Compensations Are Not Rollbacks

The most dangerous misunderstanding about sagas: a compensation is not a rollback. A rollback is atomic and leaves no trace. A compensation is a new business operation that may fail, may be partially applied, and leaves its own audit trail.

If your compensation is "refund the charge," the customer may have already spent that money. The charge is real. The refund is also real. They are two separate financial events.

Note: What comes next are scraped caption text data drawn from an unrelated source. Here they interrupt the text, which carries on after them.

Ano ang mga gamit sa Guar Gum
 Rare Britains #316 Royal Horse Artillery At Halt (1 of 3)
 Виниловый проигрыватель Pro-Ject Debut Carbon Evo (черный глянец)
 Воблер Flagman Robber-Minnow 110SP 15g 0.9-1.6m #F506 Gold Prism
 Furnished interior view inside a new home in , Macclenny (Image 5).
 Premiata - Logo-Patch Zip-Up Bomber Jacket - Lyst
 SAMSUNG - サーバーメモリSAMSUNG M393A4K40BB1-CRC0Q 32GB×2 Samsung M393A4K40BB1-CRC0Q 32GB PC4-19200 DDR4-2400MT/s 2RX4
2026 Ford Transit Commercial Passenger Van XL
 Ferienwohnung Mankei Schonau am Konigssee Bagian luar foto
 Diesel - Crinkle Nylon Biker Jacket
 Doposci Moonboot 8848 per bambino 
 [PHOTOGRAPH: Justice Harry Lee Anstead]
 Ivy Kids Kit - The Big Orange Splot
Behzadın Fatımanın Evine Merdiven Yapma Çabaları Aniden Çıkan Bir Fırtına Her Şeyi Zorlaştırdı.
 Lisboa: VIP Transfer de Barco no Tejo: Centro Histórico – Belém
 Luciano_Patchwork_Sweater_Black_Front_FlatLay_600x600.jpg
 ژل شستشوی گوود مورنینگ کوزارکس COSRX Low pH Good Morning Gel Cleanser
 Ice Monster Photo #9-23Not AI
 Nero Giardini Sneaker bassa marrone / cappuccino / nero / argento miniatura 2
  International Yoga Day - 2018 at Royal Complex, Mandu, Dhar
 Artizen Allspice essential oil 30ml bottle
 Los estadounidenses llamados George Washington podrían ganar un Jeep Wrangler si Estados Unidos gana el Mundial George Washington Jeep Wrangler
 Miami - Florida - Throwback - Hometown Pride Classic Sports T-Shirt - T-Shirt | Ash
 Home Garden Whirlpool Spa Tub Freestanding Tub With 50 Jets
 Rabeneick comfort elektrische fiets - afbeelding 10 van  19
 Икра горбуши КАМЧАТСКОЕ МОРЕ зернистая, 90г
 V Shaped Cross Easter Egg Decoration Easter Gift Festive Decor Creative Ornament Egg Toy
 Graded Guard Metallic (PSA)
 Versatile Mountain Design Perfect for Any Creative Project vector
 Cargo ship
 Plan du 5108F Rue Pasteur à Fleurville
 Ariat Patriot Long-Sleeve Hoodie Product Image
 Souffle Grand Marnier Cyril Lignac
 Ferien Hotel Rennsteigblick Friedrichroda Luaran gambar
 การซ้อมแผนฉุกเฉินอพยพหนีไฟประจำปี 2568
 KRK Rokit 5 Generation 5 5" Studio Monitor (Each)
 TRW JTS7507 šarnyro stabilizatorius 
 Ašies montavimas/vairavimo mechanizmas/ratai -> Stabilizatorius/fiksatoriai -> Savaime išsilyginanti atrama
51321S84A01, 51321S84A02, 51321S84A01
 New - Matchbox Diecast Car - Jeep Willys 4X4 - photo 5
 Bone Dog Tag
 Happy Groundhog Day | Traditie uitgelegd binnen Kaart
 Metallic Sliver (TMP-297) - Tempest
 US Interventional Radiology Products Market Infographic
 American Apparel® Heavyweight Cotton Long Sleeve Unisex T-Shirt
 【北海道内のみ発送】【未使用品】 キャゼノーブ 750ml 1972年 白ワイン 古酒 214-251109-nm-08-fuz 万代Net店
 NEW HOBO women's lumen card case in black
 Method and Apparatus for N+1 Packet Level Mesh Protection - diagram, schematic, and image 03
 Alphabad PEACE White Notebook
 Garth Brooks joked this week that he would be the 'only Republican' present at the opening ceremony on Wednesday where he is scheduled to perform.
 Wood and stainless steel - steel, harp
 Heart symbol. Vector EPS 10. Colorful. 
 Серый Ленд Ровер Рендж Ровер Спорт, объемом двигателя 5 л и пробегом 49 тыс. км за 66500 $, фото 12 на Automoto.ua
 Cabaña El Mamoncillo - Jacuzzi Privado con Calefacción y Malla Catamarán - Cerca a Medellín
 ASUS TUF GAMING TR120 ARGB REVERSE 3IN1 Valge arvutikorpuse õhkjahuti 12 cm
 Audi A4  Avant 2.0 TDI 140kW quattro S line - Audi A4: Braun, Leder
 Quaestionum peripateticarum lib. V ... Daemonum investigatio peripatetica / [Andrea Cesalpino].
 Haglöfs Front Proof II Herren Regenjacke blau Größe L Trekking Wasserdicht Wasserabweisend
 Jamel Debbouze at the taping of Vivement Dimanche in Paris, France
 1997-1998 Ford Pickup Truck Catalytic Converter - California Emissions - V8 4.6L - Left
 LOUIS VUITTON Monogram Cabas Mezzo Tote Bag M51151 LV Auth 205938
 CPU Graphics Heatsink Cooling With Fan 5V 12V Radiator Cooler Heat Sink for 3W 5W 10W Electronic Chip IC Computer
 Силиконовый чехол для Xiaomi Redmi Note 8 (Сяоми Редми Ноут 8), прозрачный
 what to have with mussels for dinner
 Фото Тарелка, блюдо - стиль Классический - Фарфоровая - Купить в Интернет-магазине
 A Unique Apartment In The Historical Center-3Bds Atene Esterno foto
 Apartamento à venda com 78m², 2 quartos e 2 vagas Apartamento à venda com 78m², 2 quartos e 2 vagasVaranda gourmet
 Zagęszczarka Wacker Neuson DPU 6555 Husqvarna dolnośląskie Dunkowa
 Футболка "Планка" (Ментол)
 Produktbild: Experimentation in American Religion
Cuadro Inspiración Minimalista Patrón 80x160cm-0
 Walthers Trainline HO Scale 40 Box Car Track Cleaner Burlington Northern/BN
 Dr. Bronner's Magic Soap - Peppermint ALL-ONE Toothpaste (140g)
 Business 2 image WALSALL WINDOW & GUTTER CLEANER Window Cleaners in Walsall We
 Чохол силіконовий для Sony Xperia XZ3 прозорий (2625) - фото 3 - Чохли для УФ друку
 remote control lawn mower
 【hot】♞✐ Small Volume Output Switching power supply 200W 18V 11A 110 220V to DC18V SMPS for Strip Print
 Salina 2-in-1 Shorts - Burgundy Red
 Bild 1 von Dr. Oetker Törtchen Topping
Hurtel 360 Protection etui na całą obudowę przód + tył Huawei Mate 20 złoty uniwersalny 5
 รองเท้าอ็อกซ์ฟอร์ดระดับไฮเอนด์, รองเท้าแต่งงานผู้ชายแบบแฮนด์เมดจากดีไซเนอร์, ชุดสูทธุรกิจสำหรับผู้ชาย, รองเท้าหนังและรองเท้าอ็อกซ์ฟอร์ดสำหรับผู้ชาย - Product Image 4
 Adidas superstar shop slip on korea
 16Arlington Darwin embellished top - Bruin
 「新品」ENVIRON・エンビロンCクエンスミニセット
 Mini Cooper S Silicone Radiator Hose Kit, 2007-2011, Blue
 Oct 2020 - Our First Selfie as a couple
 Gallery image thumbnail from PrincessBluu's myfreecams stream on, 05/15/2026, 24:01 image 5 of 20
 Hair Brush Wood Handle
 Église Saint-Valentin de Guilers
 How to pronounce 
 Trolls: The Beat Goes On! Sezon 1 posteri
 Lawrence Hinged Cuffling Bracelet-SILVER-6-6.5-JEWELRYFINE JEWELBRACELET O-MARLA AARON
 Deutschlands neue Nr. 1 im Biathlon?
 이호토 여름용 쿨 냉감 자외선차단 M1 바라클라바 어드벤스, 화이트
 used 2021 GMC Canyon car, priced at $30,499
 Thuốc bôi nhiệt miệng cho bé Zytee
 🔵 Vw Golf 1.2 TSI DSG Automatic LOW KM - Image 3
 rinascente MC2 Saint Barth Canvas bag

Design your compensations as first-class business operations, not cleanup code.

class CompensatePayment:
    def compensate(self, context: dict):
        refund_id = create_refund(
            charge_id=context["charge_id"],
            reason="saga_compensation",
            idempotency_key=f"refund:{context['saga_id']}"
        )
        # Log the refund as a business event, not just a system event
        audit_log.write({
            "type": "REFUND_ISSUED",
            "saga_id": context["saga_id"],
            "refund_id": refund_id,
            "amount": context["charged_amount"]
        })

Key Takeaways

  • 2PC is not dead — it is correct for XA-capable participants under your control at moderate volume; its real limitation is coordinator lock-in and blocking, not throughput.
  • Saga orchestration is preferable to choreography for anything with more than 3 steps; choreography's distributed state makes production debugging expensive.
  • Idempotent eventual consistency eliminates coordination entirely and is the right answer when you can express operations as desired-state events rather than deltas.
  • Compensating transactions are new business operations, not rollbacks — design them as first-class operations with their own idempotency keys and audit trails.
  • Monitor pg_prepared_xacts when using 2PC — orphaned prepared transactions hold locks until manually resolved.
  • The choice is not about scale; it is about failure semantics and what your business tolerates when partial completion occurs.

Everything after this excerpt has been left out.